» Problem to solve
Starting at the line that contains "Vintage 1950s Mexican" and ending at the line that contains "Голубое небо с", the lines below are to be given again exactly, with nothing added.

» Supplied records
○ ○ ○ ○ ○ ○ ○
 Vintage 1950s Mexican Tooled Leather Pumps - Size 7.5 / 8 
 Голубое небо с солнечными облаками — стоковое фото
○ ○ ○ ○ ○ ○ ○
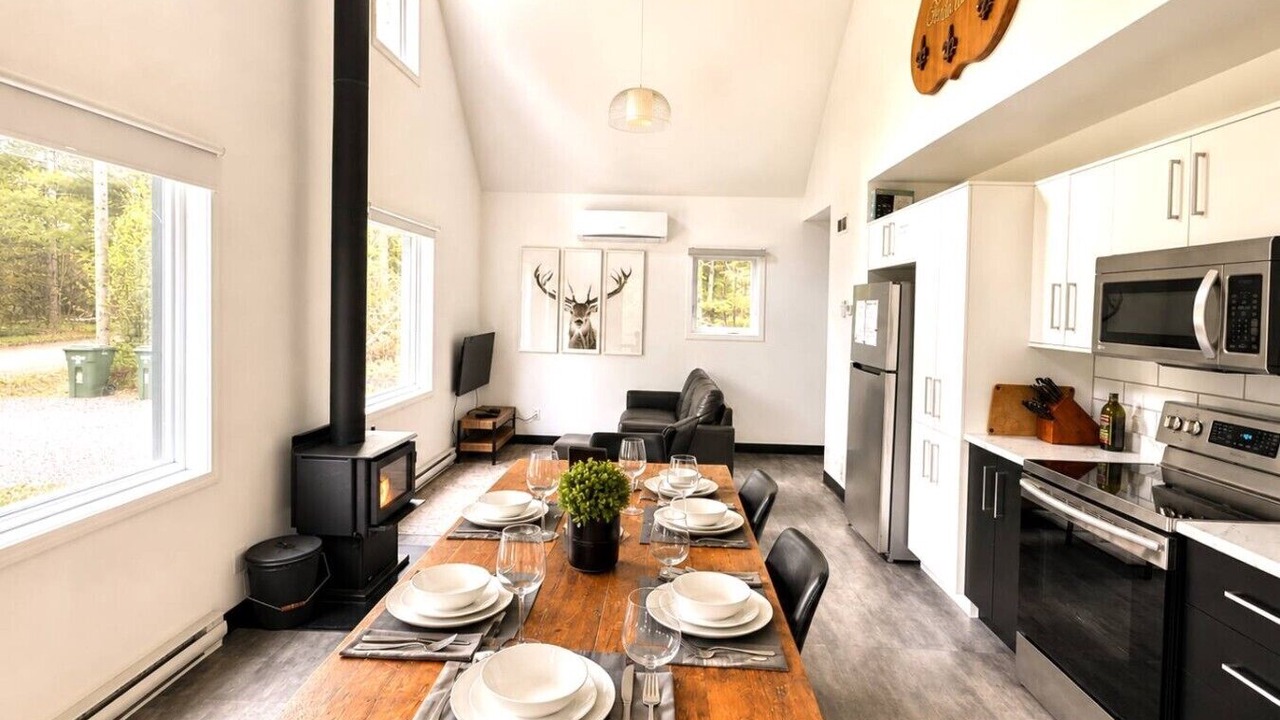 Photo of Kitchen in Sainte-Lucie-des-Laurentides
○ ○ ○ ○ ○ ○ ○
» Response box
 Vintage 1950s Mexican Tooled Leather Pumps - Size 7.5 / 8 
 Голубое небо с солнечными облаками — стоковое фото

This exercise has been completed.